We talked about the possible meaning of “being baptized with the Holy Spirit,” and what it had meant to us when as Mennonite-raised youth we were challenged at camp to accept the Spirit’s baptism. We went through the Pentecostalist “evidence” of being spirit-gifted: the tongue speaking, the ecstatic utterance, the sense of being touched by a divine presence, the expectations of the miraculous; and some of us acknowledged that we’d lived our entire lives with faith in God’s providence, but had no ecstatic, life-altering, watershed experience to witness to.  

I thought of Jesus’ words to the Samaritan woman at the well, “Yet a time is coming and has now come when the true worshipers will worship the Father in the Spirit and in truth, for they are the kind of worshipers the Father seeks.” (John 4:23, NIV) And I wondered about the prayers and songs we utter as worship in church; I questioned whether I, or you, or they are offering their worship in the intended manner: that is to say, “in spirit and in truth.”
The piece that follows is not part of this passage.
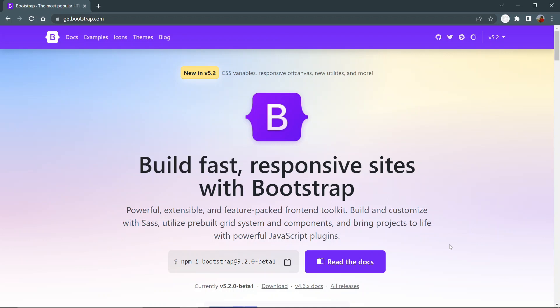Hello guys, Bootstrap 5.2.0 beta version is here. This release consists of some major changes and new features, and in this video we will see the top updates that happened in Bootstrap. So let's start.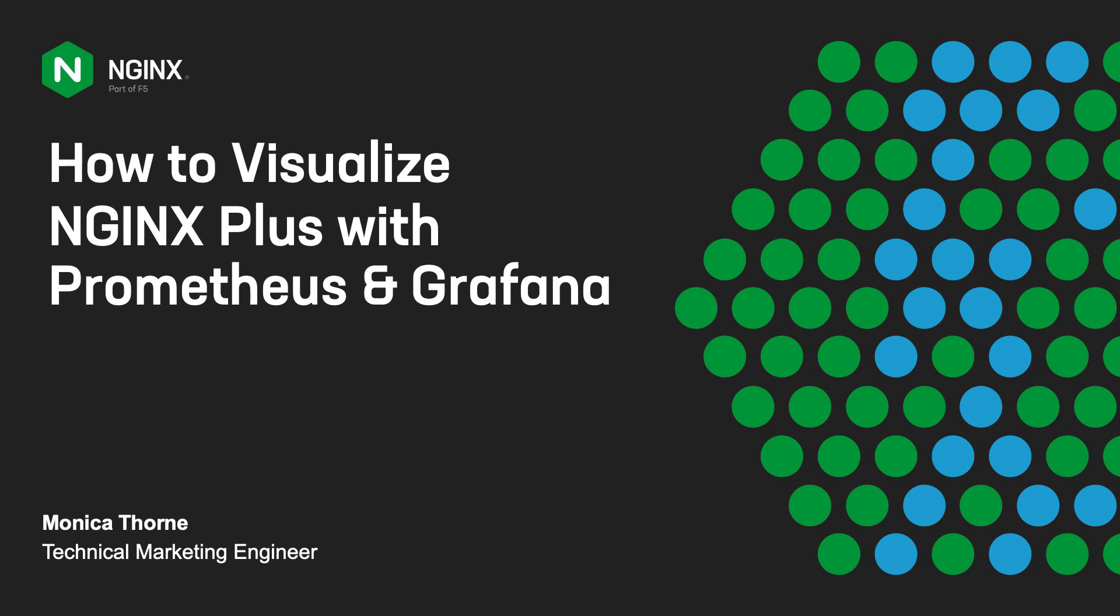Hi everyone. My name is Monica Thorne. I'm a technical marketing engineer here at NGINX. In this demo, I'll show you how to deploy NGINX Plus with Prometheus and Grafana.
I think I get the “in truth” part; why would anyone fudge the truth in worship at the same time as knowing that the object of one’s worship is omniscient? Unless it be to show our best side, hide our downsides. And maybe the “in spirit” part follows on his teaching the woman at the well that to worship God, one need not be in Jerusalem like the Jews or on a mountain like the Samaritans, that the physical rituals of worship are not of the essence; but rather the mindful, soulful unity with your creator that enables, possibly initiates worship even when alone in the desert on a non-Sabbath, after-sunset fading of the day-- in spirit and in truth.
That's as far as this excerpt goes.